Provisions are charged as an expense to the Statement of income and retained earnings in the year that the Company becomes aware of the obligation, and are measured at the best estimate at the Statement of financial position date of the expenditure required to settle the obligation, taking into account relevant risks and uncertainties.
When payments are eventually made, they are charged to the provision carried in the Statement of financial position.
The Company only enters into basic financial instrument transactions that result in the recognition of financial assets and liabilities like trade and other debtors and creditors, loans from banks and other third parties, loans to related parties and investments in ordinary shares.

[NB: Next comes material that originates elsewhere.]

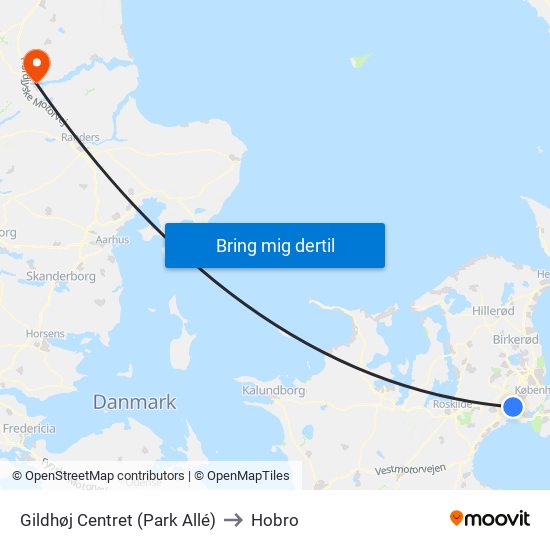 Gildhøj Centret (Park Allé) to Hobro map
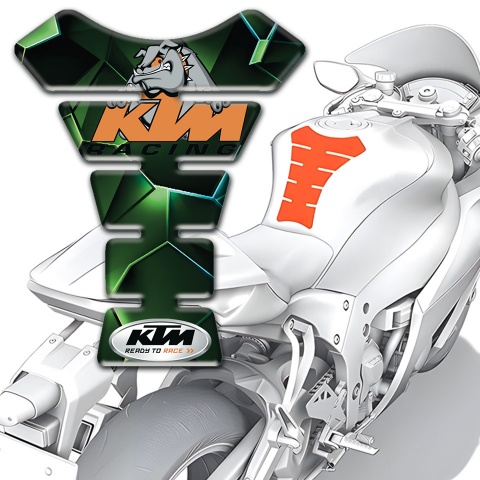 KTM Tank Fuse Green Diamond Effect with Dog Logo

Debt instruments (other than those wholly repayable or receivable within one year), including loans and other accounts receivable and payable, are initially measured at present value of the future cash flows and subsequently at amortised cost using the effective interest method. Debt instruments that are payable or receivable within one year, typically trade debtors and creditors, are measured, initially and subsequently, at the undiscounted amount of the cash or other consideration expected to be paid or received. However, if the arrangements of a short-term instrument constitute a financing transaction, like the payment of a trade debt deferred beyond normal business terms or in case of an out-right short-term loan that is not at market rate, the financial asset or liability is measured, initially at the present value of future cash flows discounted at a market rate of interest for a similar debt instrument and subsequently at amortised cost, unless it qualifies as a loan from a director in the case of a small company, or a public benefit entity concessionary loan.
Equity dividends are recognised when they become legally payable. Interim equity dividends are recognised when paid. Final equity dividends are recognised when approved by the shareholders at an annual general meeting.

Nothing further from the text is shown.